Set the records down again exactly, apart from any pictures in them.

▶ _Available data_
::::::::::

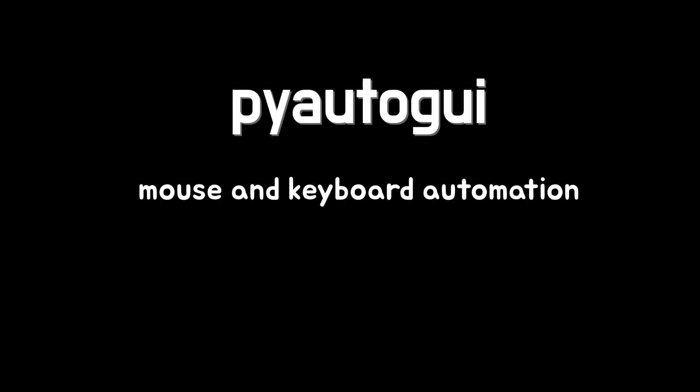Hello guys. In this video, I will talk about how to automate mouse and keyboard by Python script. As you see in the screen, we can automate them with PyAutoGUI library.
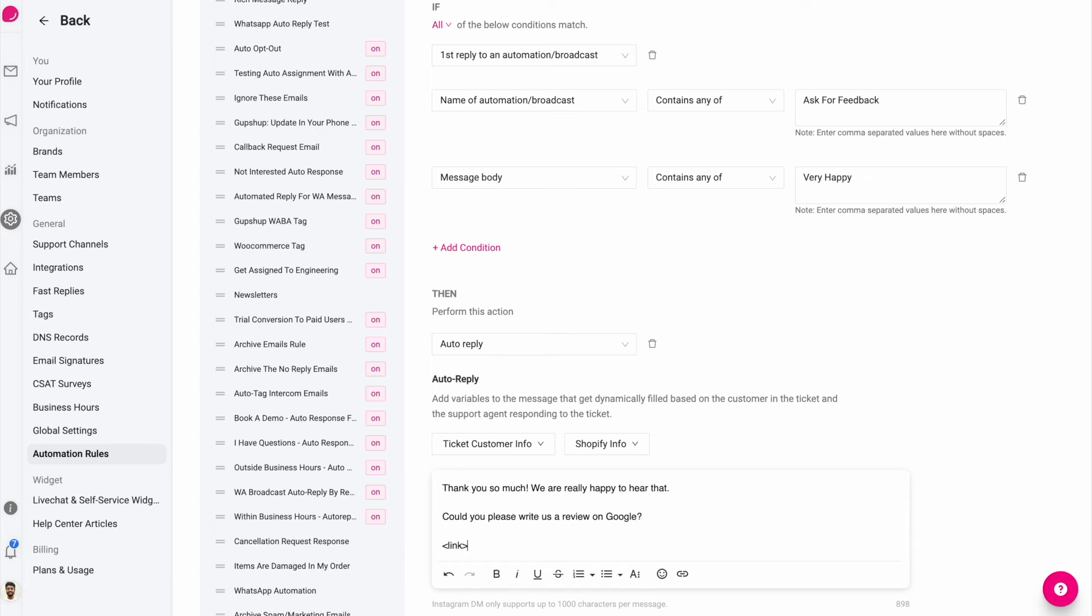So this way you can automatically collect feedback from customers. And those who are satisfied, you could ask them for a review on Google or any other place.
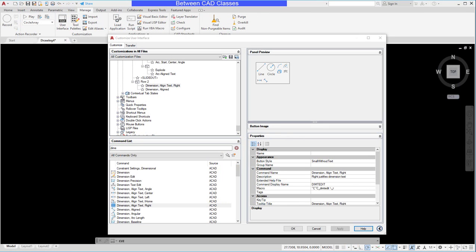In this video we're going to take a look at how we can create custom ribbon tabs in AutoCAD. In a previous video I had created a custom panel and now I want to create a new tab to place this panel on.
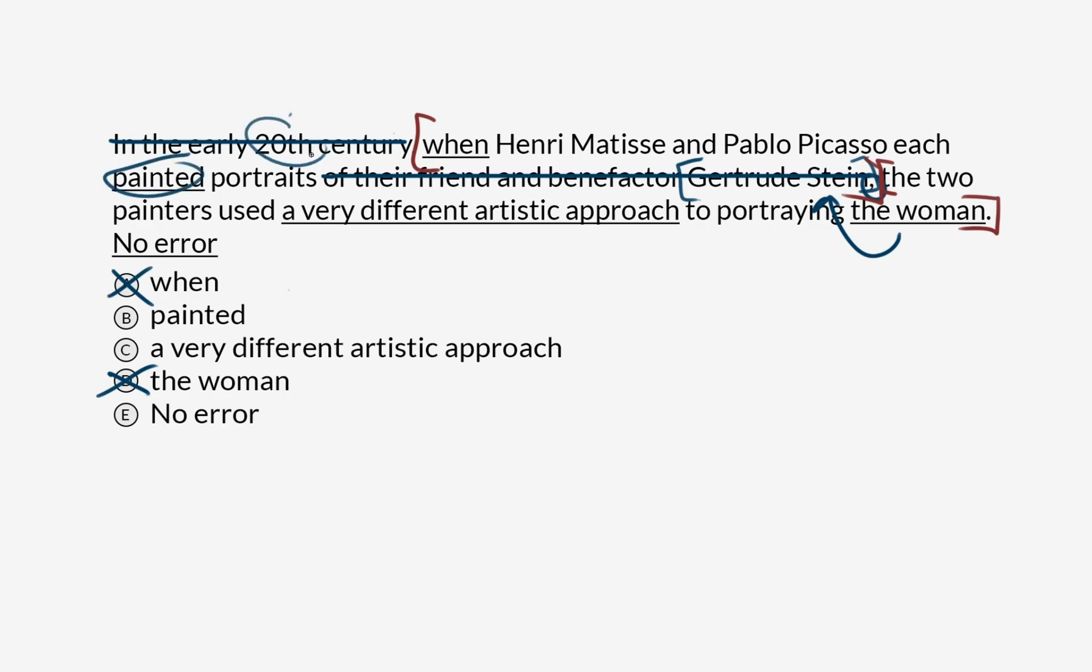Painted, since we know from this part that we crossed off that this takes place in the early 20th century, this takes place in the past, this also takes place in the past tense, so it matches the time period of the sentence. So painted is correct. That's not an error.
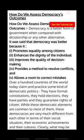The first topic of this chapter is: how do we assess democracy outcomes? As we know, democracy is a government by the people, of the people, and for the people.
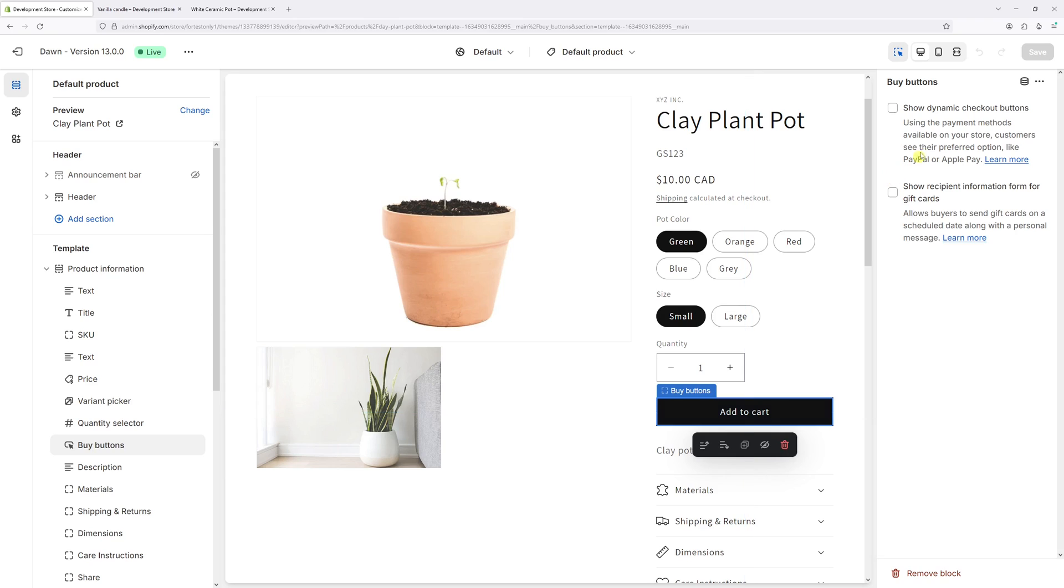And then on the right, you see an option show dynamic checkout buttons. Make sure this feature is enabled.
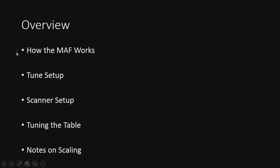All right, so this is what we're going to go over today: how the MAF works, because I like to explain how things work - it's good to know. Next, it'll be the tune setup, then the scanner setup, of course tuning the table, and then notes on scaling.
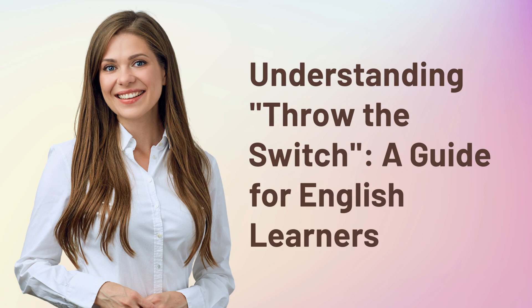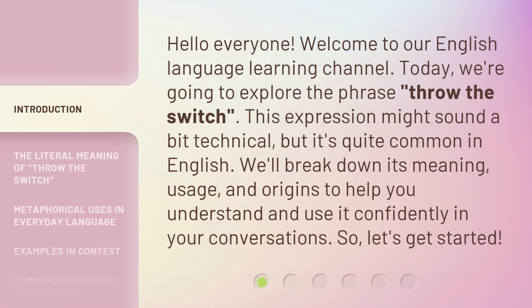Understanding 'Throw the Switch' — a guide for English learners. Hello everyone, welcome to our English language learning channel. Today we're going to explore the phrase 'throw the switch.' This expression might sound a bit technical, but it's quite common in English. We'll break down its meaning, usage, and origins to help you understand and use it confidently in your conversations. So, let's get started.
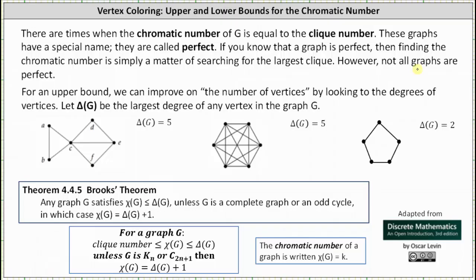For an upper bound, we can improve on the number of vertices by looking at the degrees of the vertices. We let delta(G) be the largest degree of any vertex in graph G. Brooks' theorem states that any graph G satisfies chi(G) ≤ delta(G), unless G is a complete graph or an odd cycle, in which case chi(G) = delta(G) + 1.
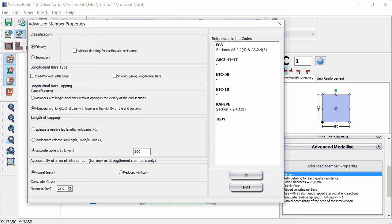Furthermore, a special window is available in the dialog box with references to specific sections of the codes for users who need more information.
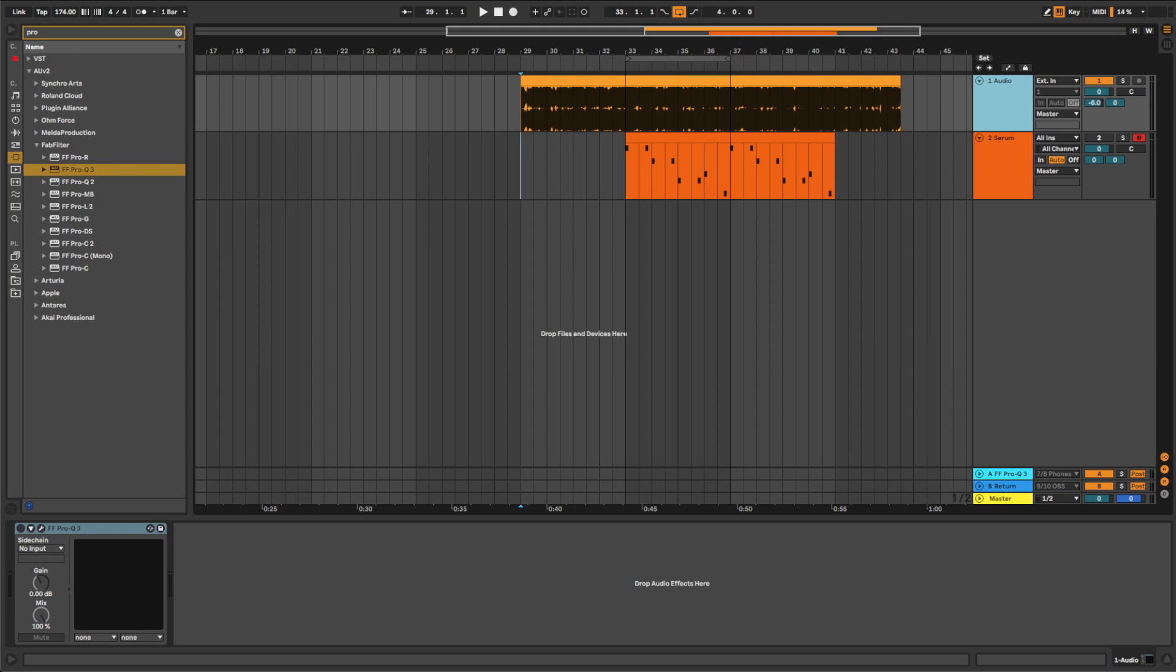Hi everyone, this is Snoopy from D&B Academy. In today's video I'm going to show you how to make leads like the ones in the track Ready to Fly by Subfocus and Dimension.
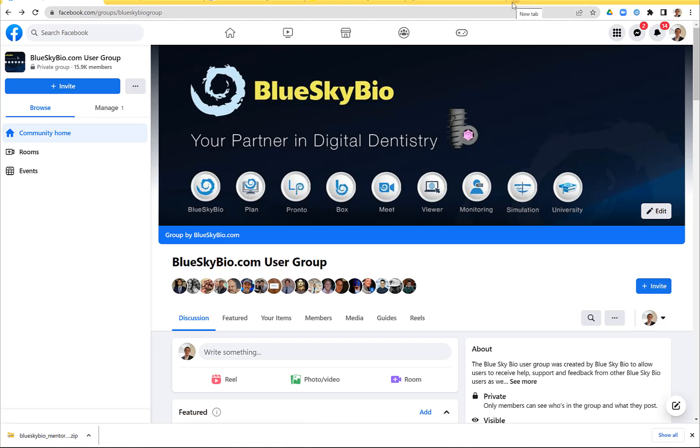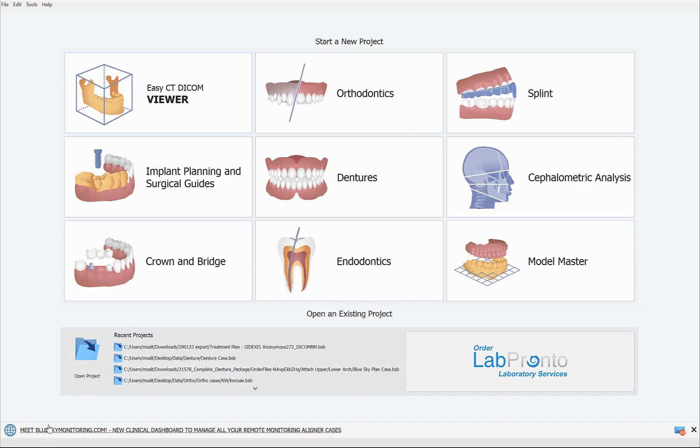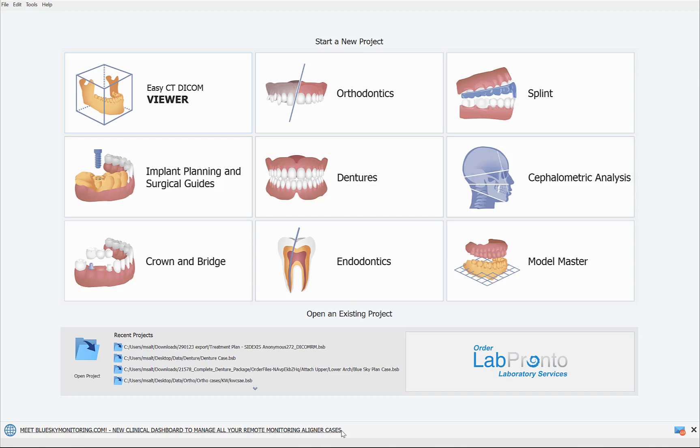You can go ahead and click on education and soon we're going to be converting that to blueskybio.university where we're going to be concentrating all the free educational information. A few of the recent updates, we've recently announced blueskymonitoring.com which is a new clinical dashboard to manage all your remote monitoring aligner cases. That's currently being offered free of charge.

::::::::::

▶ _Task result_
Hello guys. In this video, I will talk about how to automate mouse and keyboard by Python script. As you see in the screen, we can automate them with PyAutoGUI library.
So this way you can automatically collect feedback from customers. And those who are satisfied, you could ask them for a review on Google or any other place.
In this video we're going to take a look at how we can create custom ribbon tabs in AutoCAD. In a previous video I had created a custom panel and now I want to create a new tab to place this panel on.
Painted, since we know from this part that we crossed off that this takes place in the early 20th century, this takes place in the past, this also takes place in the past tense, so it matches the time period of the sentence. So painted is correct. That's not an error.
The first topic of this chapter is: how do we assess democracy outcomes? As we know, democracy is a government by the people, of the people, and for the people.
And then on the right, you see an option show dynamic checkout buttons. Make sure this feature is enabled.
All right, so this is what we're going to go over today: how the MAF works, because I like to explain how things work - it's good to know. Next, it'll be the tune setup, then the scanner setup, of course tuning the table, and then notes on scaling.
Understanding 'Throw the Switch' — a guide for English learners. Hello everyone, welcome to our English language learning channel. Today we're going to explore the phrase 'throw the switch.' This expression might sound a bit technical, but it's quite common in English. We'll break down its meaning, usage, and origins to help you understand and use it confidently in your conversations. So, let's get started.
For an upper bound, we can improve on the number of vertices by looking at the degrees of the vertices. We let delta(G) be the largest degree of any vertex in graph G. Brooks' theorem states that any graph G satisfies chi(G) ≤ delta(G), unless G is a complete graph or an odd cycle, in which case chi(G) = delta(G) + 1.
Furthermore, a special window is available in the dialog box with references to specific sections of the codes for users who need more information.
Hi everyone, this is Snoopy from D&B Academy. In today's video I'm going to show you how to make leads like the ones in the track Ready to Fly by Subfocus and Dimension.
You can go ahead and click on education and soon we're going to be converting that to blueskybio.university where we're going to be concentrating all the free educational information. A few of the recent updates, we've recently announced blueskymonitoring.com which is a new clinical dashboard to manage all your remote monitoring aligner cases. That's currently being offered free of charge.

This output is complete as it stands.